NFS ACL

I’m trying to set up ACL between an exported NFS4 directory and an opensuse client
The exported file system is ext4, and I can set ACL from the server using setfacl etc, but the ACL is not visible from the client, it only shows normal file permission bits
Additionally, using setfacl on the client fails with: “Operation not supported” for anything more complex than normal file permission bits
chmod and chown work as normal, add setfacl on the client functions on non-nfs directories

I’m struggling to find documentation on the internet that’s more recent than 2008, but some of that suggests that ACL are not possible over NFS. Although some of that documentation also states that ext4 does not support ACL, which would not seem to be correct…

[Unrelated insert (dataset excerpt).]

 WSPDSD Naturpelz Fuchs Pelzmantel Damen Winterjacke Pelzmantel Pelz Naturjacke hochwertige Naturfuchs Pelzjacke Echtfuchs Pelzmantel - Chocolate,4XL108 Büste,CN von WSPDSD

Any help would be appreciated

Nemeth et al. (2011) Unix and Linux System Administration discuss this topic.

One possibility: ‘The NFS ACL is kept in xtab which can be modified using exportfs. Whenever /etc/exports is modified, exportfs -a must be run to update xtab.’ - but this comes from a section on NFS3.

Another: ‘In deciding whether a particular user has permission for an action NFSv4 reads all the ACEs and denies permission if there is no clear permission for the action.’

As far as I can see NFS4 allows finer grained access control (but I have no experience of using it).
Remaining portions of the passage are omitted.